Select Board members heard on Dec. 20 that the town’s new assessor discovered an omission: a 2017 debt exclusion for a fire truck (approximately $250,000) that voters approved was never entered on the Department of Revenue’s DE 1 debt-exclusion form.
Heather told the board the omission meant the town has been paying that debt from the general levy (free cash/operating budget) rather than reflecting it as a voter-approved debt exclusion on the DE 1. Officials must amend the DE 1 and the town’s tax recap; the change will increase next year’s tax levy to reflect the exclusion but cannot be billed retroactively to past years.
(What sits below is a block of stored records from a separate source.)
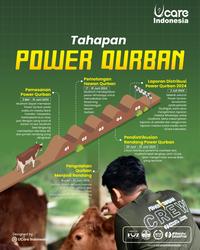Gambar POWER QURBAN (1 Sapi) dari laz ucare Kota Bekasi 3 Tokopedia
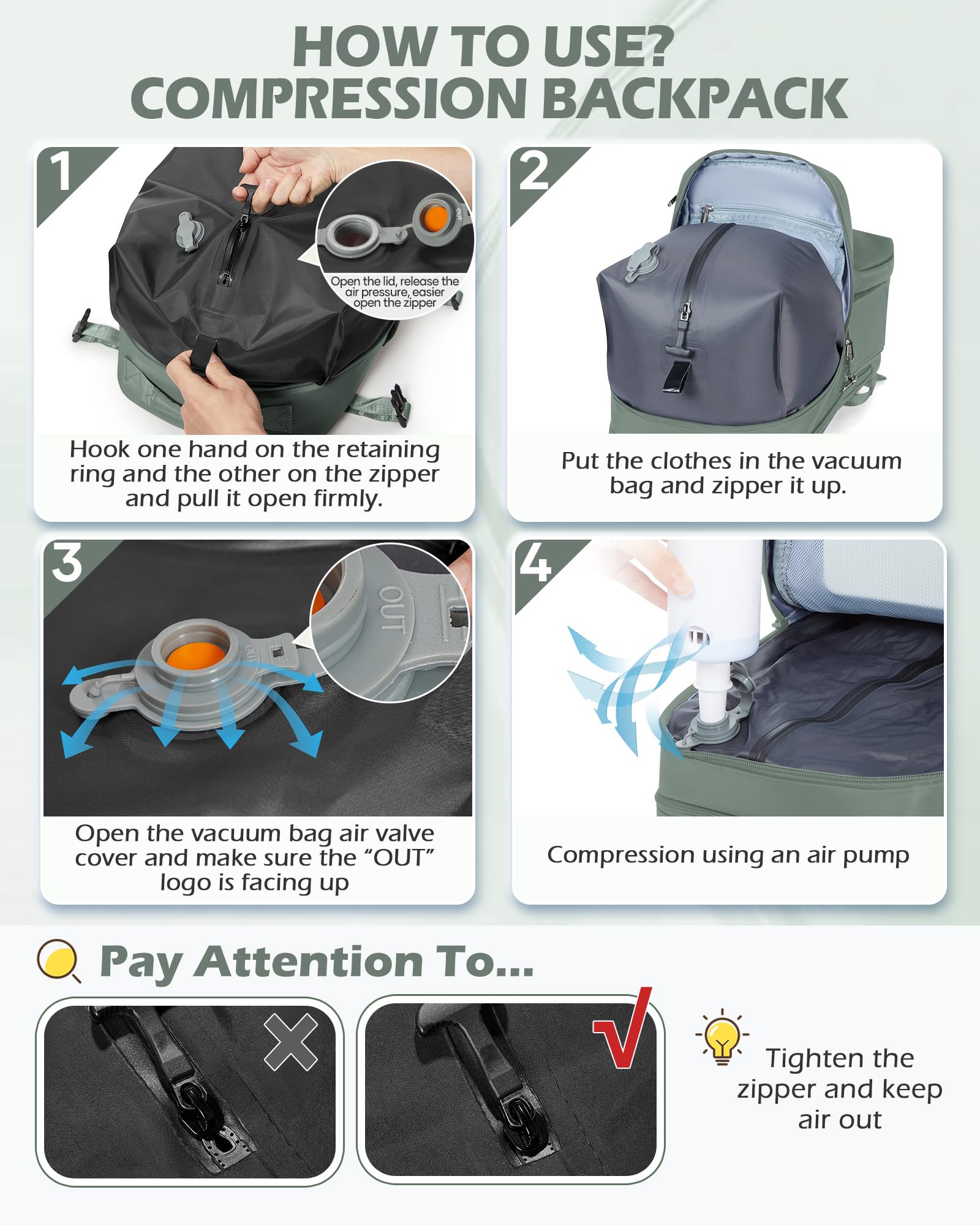 SZLX Zaino Ryanair 40x30x20 Sottovuoto Zaino da Viaggio 40x20x25 Ryanair Wizzair Donna da escursionismo impermeabile Zaino Casual Laptop da 14 Pollici con porta di ricarica USB Scomparto per Scarpe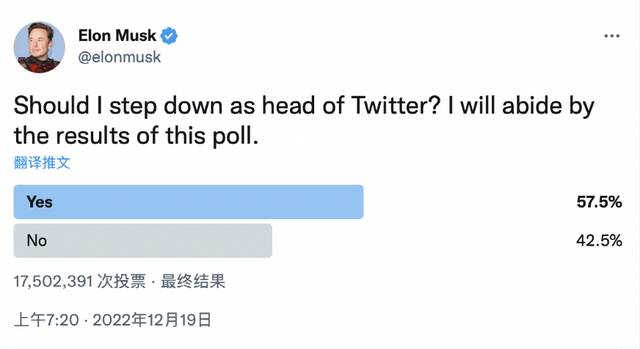 近六成网友支持卸任推特CEO，马斯克这次会爽快履约吗？接任者可能是谁？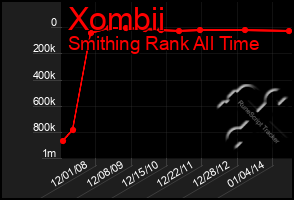 Total Graph of Xombii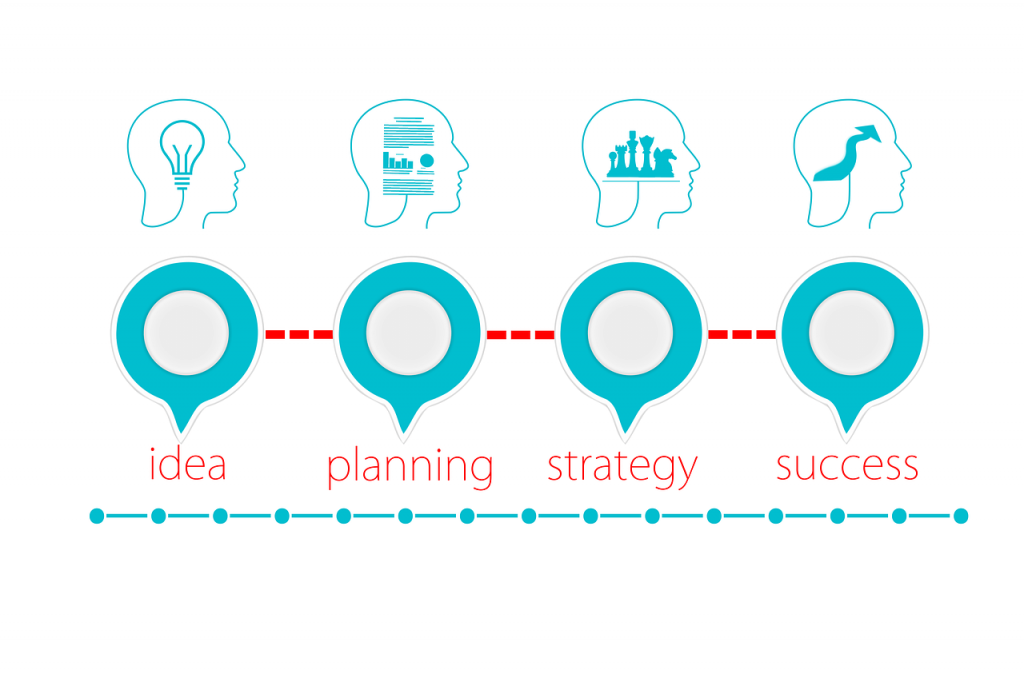 “Why Is My SEO So Bad?” Five Basics of SEO Beginners Forget 1 Why Is My SEO So Bad?
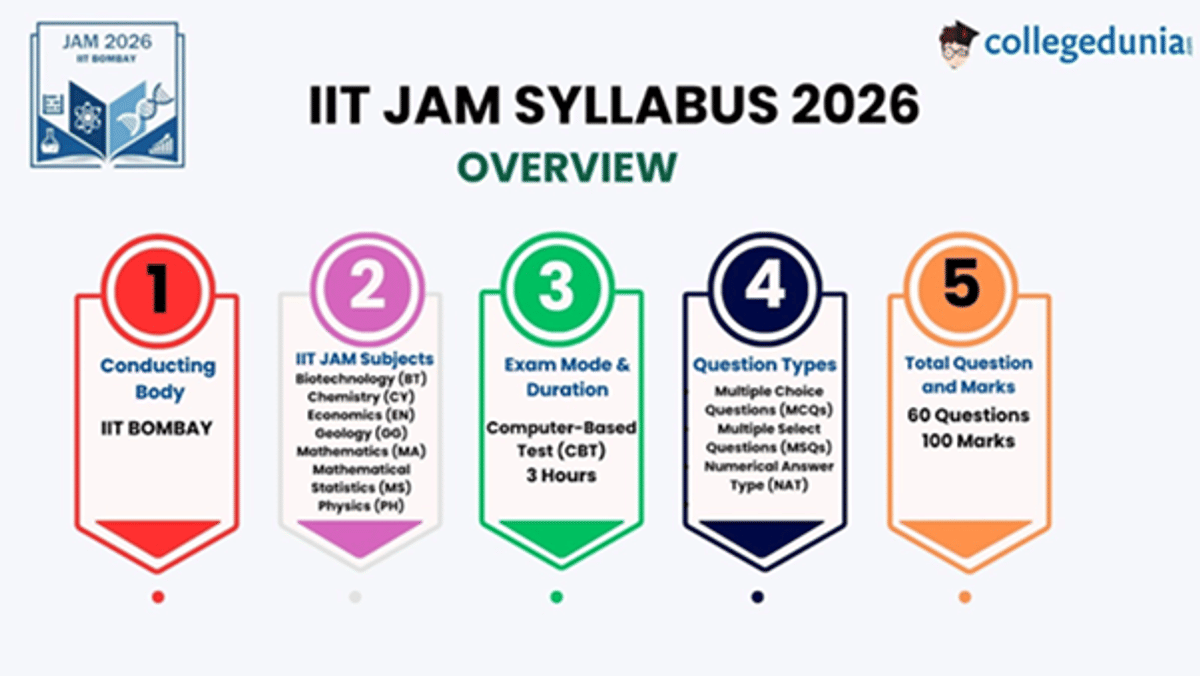 IIT JAM Syllabus 2026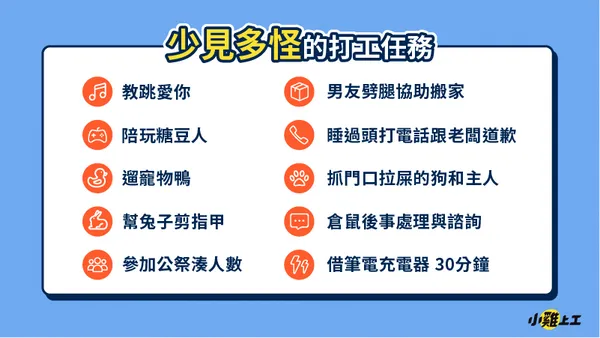 小雞上工2022年奇葩打工TOP10出爐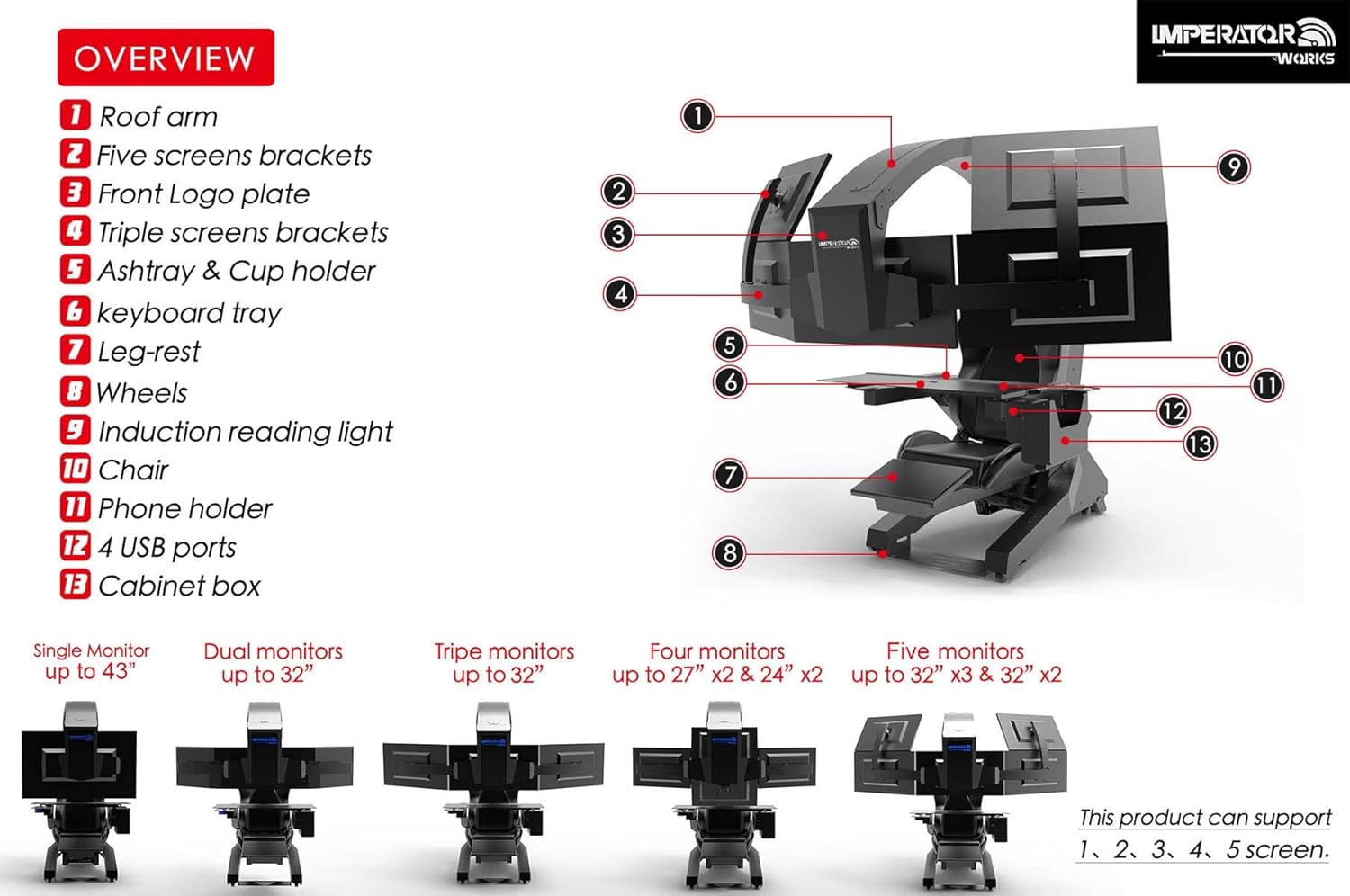 Imperatorworks IW 320 Brand Racing Gaming Chair, Computer Chair for Office and Home; Regular for 3 Screens or Upto 5 Monitors with Vibration massasge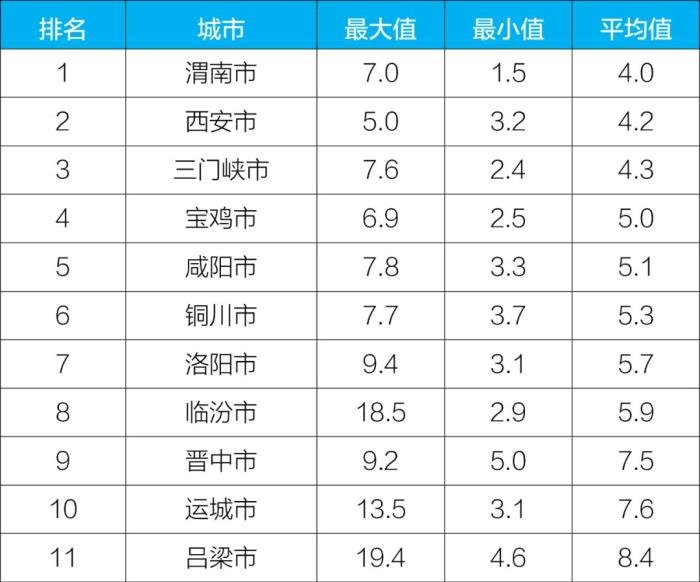 2019年11月汾渭平原11城市降尘监测结果
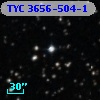TYC 3656-504-1
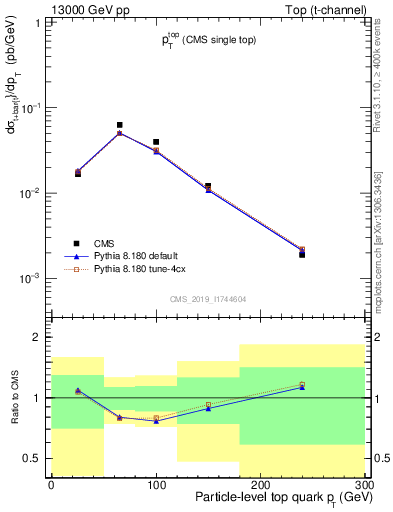 Plot of top.pt in 13000 GeV pp collisions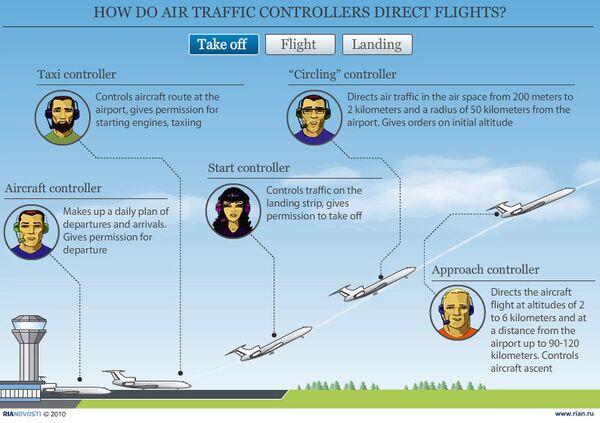 How do air traffic controllers direct flights? - Sputnik International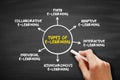 Types of electronic learning diagram illustrating fixed adaptive interactive collaborative individual and asynchronous learning Royalty Free Stock Photo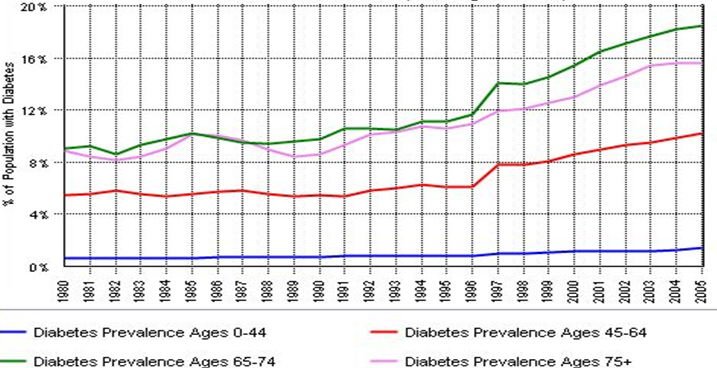Diabetes prevalence per age group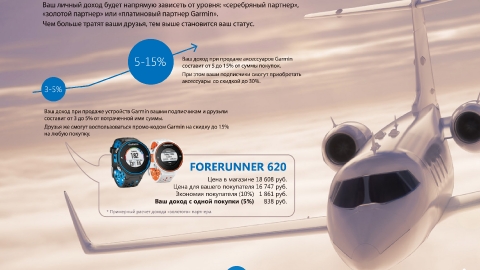 Разработка презентации Партнерской Программы Garmin для компании Навиком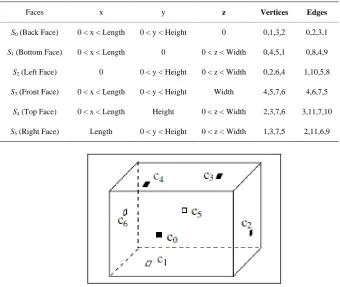 Table 1. Geometrical data of a cuboid. 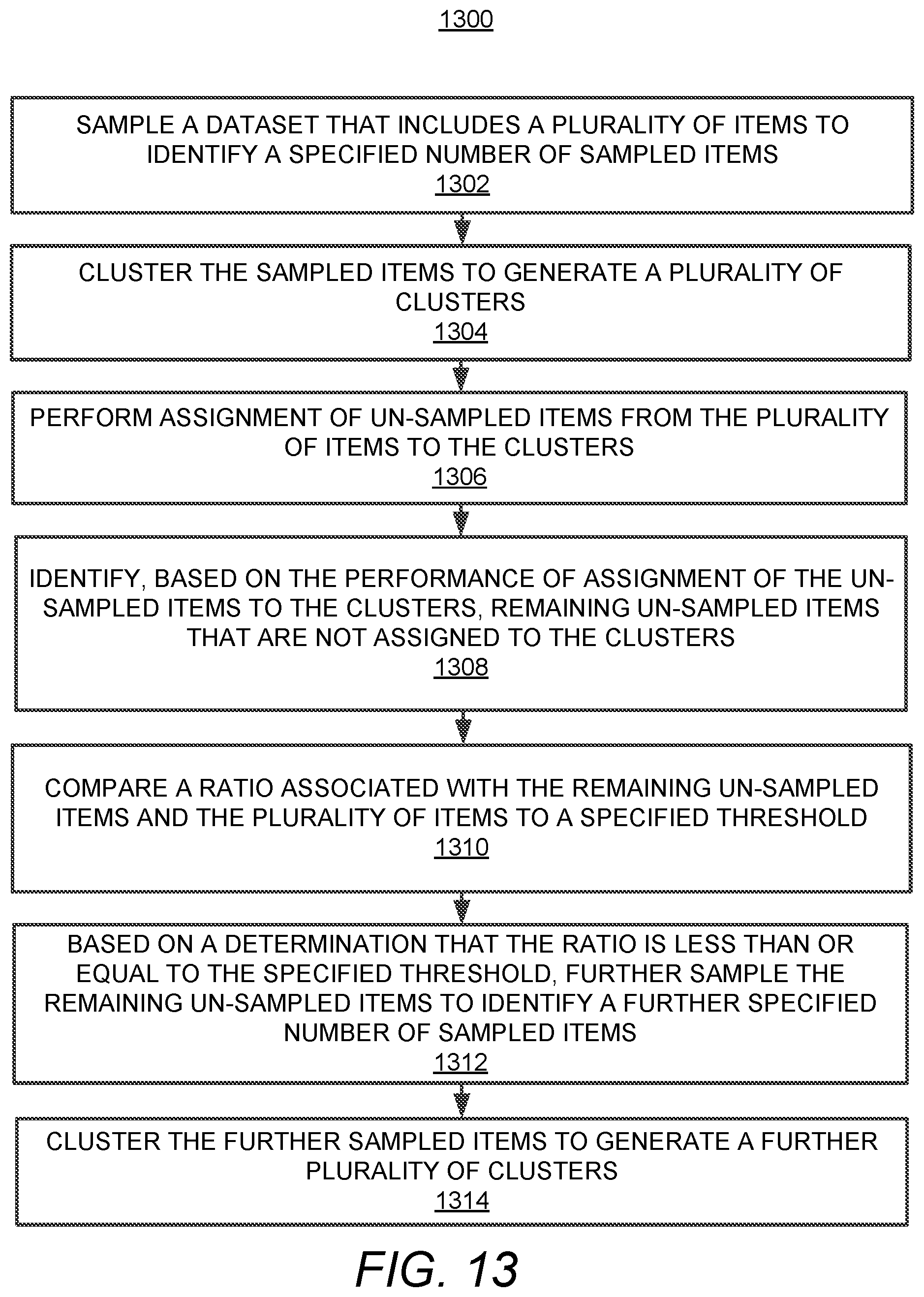 Patent US12361027 Figure 17 – Iterative sampling based dataset clustering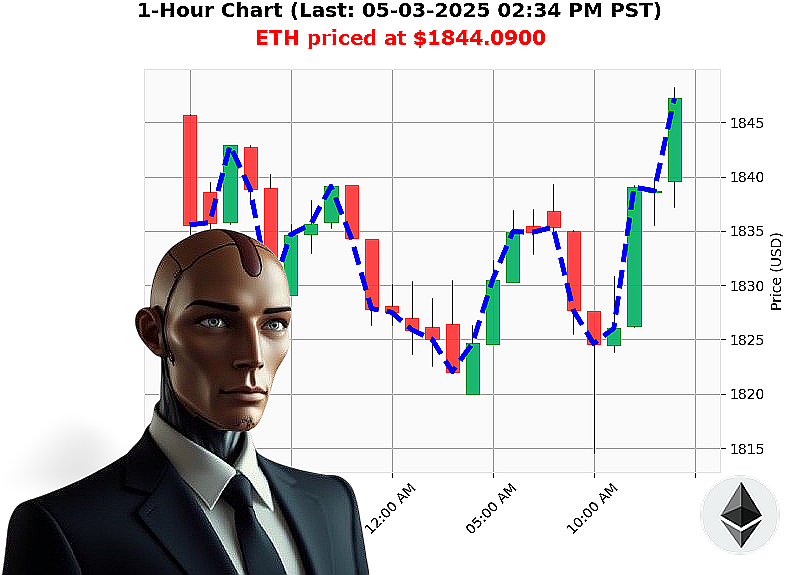 Auctron Chart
Town staff worked to reconcile forms and were preparing a submission to the Department of Revenue’s representative, Jared, with materials delivered late in the day to meet the department’s requested timing. Board members emphasized the paperwork correction is procedural—the debt was approved by voters in 2017 and the change will affect forward-looking tax calculations—while staff noted the adjustment should free up operating-budget money going forward because the specific debt will be shifted to a debt-exclusion line of the tax rate.
The board discussed timing and the effect on the tax bills: stuffing of tax bills cannot proceed until state confirmation of the corrected tax rate, creating pressure on staff to complete software cutovers and reconciliations before mailing deadlines. Board members said they will inform residents about the change and that the debt-exclusion implication is that taxpayers will begin paying the debt via next year’s tax rate, not retroactively.